__YOUR INSTRUCTIONS__: For the records that follow, please set down exactly the lines between the one holding "molecular formula C9H16N4O" and the one holding "An engraving of", inclusive, and only those.

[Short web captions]
********
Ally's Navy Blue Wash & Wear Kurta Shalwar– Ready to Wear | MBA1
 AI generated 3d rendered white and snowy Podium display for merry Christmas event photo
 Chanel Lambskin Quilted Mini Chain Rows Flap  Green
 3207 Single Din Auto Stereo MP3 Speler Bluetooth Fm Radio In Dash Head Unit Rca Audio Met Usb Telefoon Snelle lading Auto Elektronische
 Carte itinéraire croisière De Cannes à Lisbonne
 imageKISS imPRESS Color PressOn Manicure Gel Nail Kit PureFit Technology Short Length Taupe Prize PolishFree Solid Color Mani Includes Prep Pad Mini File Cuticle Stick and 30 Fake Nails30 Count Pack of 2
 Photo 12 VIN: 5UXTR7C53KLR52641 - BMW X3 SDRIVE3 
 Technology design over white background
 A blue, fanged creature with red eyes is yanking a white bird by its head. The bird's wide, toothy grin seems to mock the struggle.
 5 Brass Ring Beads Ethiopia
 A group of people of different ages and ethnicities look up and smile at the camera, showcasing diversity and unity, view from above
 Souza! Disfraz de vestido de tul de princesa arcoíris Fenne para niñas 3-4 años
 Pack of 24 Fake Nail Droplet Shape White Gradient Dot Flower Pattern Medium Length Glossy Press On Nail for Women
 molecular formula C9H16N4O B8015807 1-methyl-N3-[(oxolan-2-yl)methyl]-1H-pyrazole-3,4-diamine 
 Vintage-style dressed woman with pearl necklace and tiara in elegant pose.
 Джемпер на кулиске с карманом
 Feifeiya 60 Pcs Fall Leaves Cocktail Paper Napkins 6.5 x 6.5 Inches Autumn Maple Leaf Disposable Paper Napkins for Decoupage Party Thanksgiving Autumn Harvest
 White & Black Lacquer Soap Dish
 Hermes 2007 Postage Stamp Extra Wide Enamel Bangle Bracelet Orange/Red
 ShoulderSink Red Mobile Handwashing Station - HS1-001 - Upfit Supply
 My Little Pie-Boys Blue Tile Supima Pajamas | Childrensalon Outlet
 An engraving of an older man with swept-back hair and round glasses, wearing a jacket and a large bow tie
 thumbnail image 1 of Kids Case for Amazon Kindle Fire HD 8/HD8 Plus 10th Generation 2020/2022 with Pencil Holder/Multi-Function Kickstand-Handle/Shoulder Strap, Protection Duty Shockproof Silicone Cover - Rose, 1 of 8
********
__OUTPUT OF THE EXERCISE__:
 molecular formula C9H16N4O B8015807 1-methyl-N3-[(oxolan-2-yl)methyl]-1H-pyrazole-3,4-diamine 
 Vintage-style dressed woman with pearl necklace and tiara in elegant pose.
 Джемпер на кулиске с карманом
 Feifeiya 60 Pcs Fall Leaves Cocktail Paper Napkins 6.5 x 6.5 Inches Autumn Maple Leaf Disposable Paper Napkins for Decoupage Party Thanksgiving Autumn Harvest
 White & Black Lacquer Soap Dish
 Hermes 2007 Postage Stamp Extra Wide Enamel Bangle Bracelet Orange/Red
 ShoulderSink Red Mobile Handwashing Station - HS1-001 - Upfit Supply
 My Little Pie-Boys Blue Tile Supima Pajamas | Childrensalon Outlet
 An engraving of an older man with swept-back hair and round glasses, wearing a jacket and a large bow tie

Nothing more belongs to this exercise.